Dans une perspective stratégique et économique, aucun gain tangible ne pourrait compenser les coûts pour l’Amérique de maintenir une présence indéfinie en Afghanistan. Un tel choix serait même contreproductif puisque la présence militaire américaine dans la région renforce les forces jihadistes qu’elle cherche à battre, et érode la réputation américaine, déjà bien amochée, à l’étranger.
Prenons par exemple les opérations actuelles contre les Talibans, Gulbuddin Hekmatyar, le réseau Jalaluddin Haqqani et d’autres groupes jihadistes en Afghanistan. Bien que l’armée américaine fait tous les efforts possibles pour éviter des morts de civils, ses frappes aériennes tuent des innocents, qui sont même souvent utilisés comme boucliers humains par les insurgés.
Tant que les militants peuvent exploiter de tels « dommages collatéraux » pour le propagande, ils attireront plus de nouvelles recrues à de leur cause et éroderont la légitimité du régime du Président Hamid Karzaï. Rester en Afghanistan pour protéger la réputation américaine est un faux raisonnement : prolonger les opérations de combat tuera toujours plus de civils et renforcera parmi les populations locales l’idée que les militants se battent contre l’injustice d’une occupation étrangère.
De nombreux analystes à Washington sous-estiment par ailleurs l’importance de l’histoire, de la culture et du nationalisme.
Le code d’honneur Pachtoun-wali, le code tribal pré-islamique auquel adhèrent les tribus pachtounes, valorise hautement l’honneur et la revanche.
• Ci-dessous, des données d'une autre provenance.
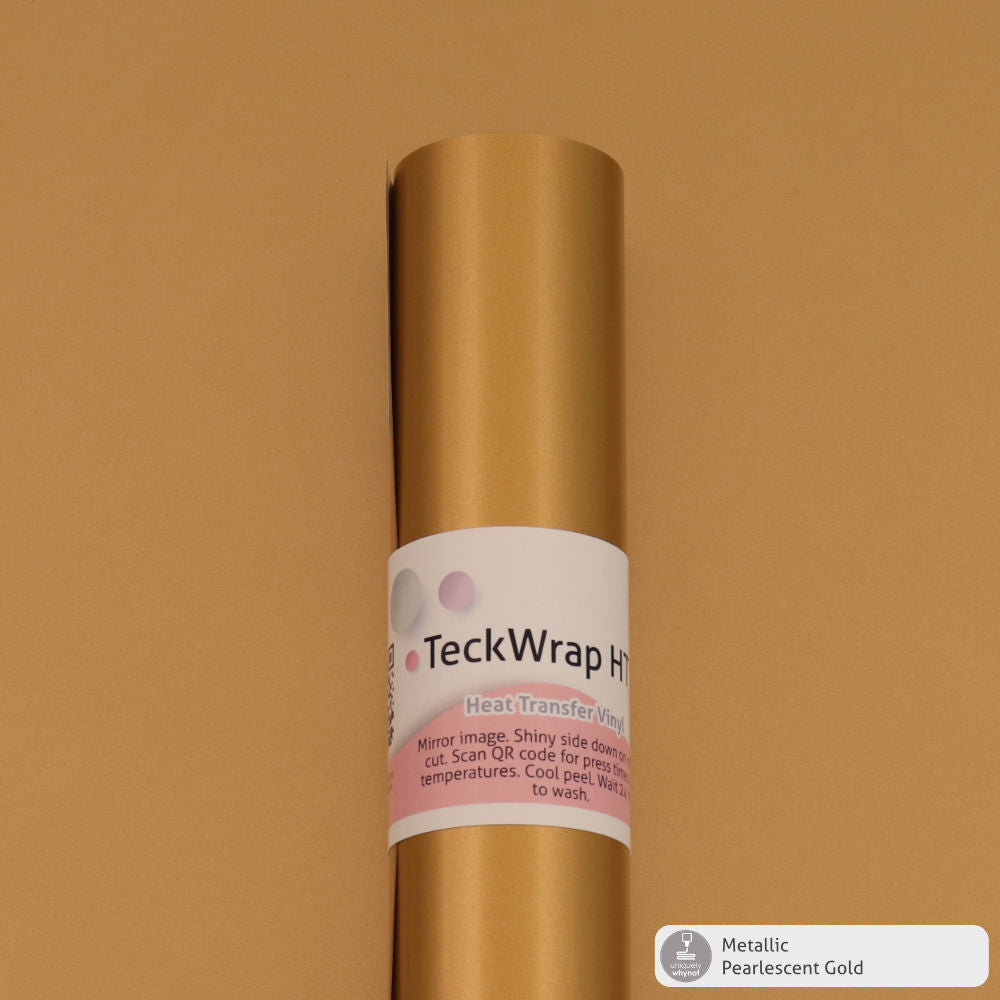 Metallic Heat Transfer Vinyl - TeckWrap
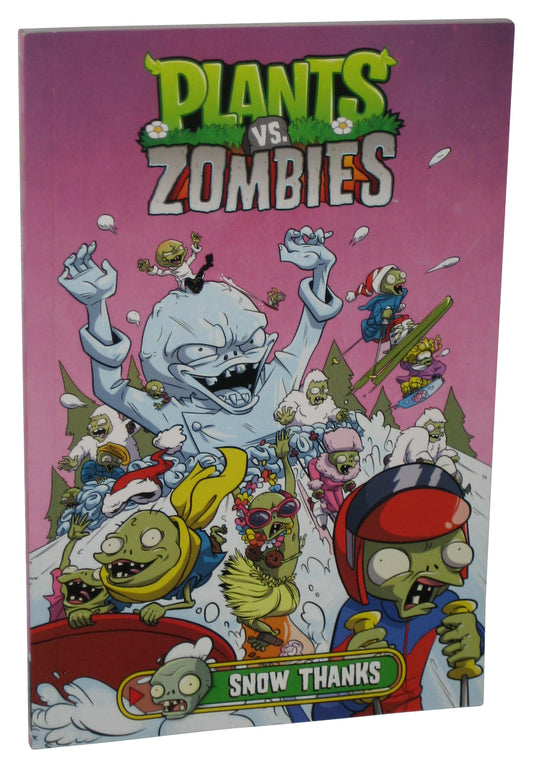 Plants vs Zombies Snow Thanks (2019) Dark Horse Paperback Book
Les dommages collatéraux des attaques de drones américains au nord-ouest du Pakistan se propagent de manière désastreuse dans une telle société, dans laquelle les vendettas personnelles et collectives peuvent subsister durant plusieurs générations.
Certains à Washington postulent comme justification de la présence américaine, la menace des extrémistes. Mais trop souvent, ces mêmes personnes à Washington oublient à quel point peut être nuisible une interférence américaine qui n’est pas la bienvenue.
Dans le cas de l’Afghanistan et du Pakistan voisin, qui détient l’arme nucléaire, les dirigeants politiques ont négligé la mesure dans laquelle la mission ONU-USA favorise le soutien aux jihadistes dans la région.
La peur que l’Amérique perde le respect du monde après un retrait de l’Afghanistan a été instrumentalisé pour vendre une mauvaise politique étrangère à l’opinion américaine. Elle perpétue par ailleurs la vision à courte vue de l’ancien Président George W. Bush selon laquelle la guerre accroît l’autorité américaine.
La coalition devrait cesser son escalade militaire et se préparer au contraire à une stratégie de sortie. Parce que, comme au Vietnam, le plus longtemps l’Amérique reste et le plus d’argent elle dépense, le plus elle aura l’impression qu’elle doit demeurer dans le pays pour rentabiliser l’investissement . Mais ce n’est pas une stratégie gagnante.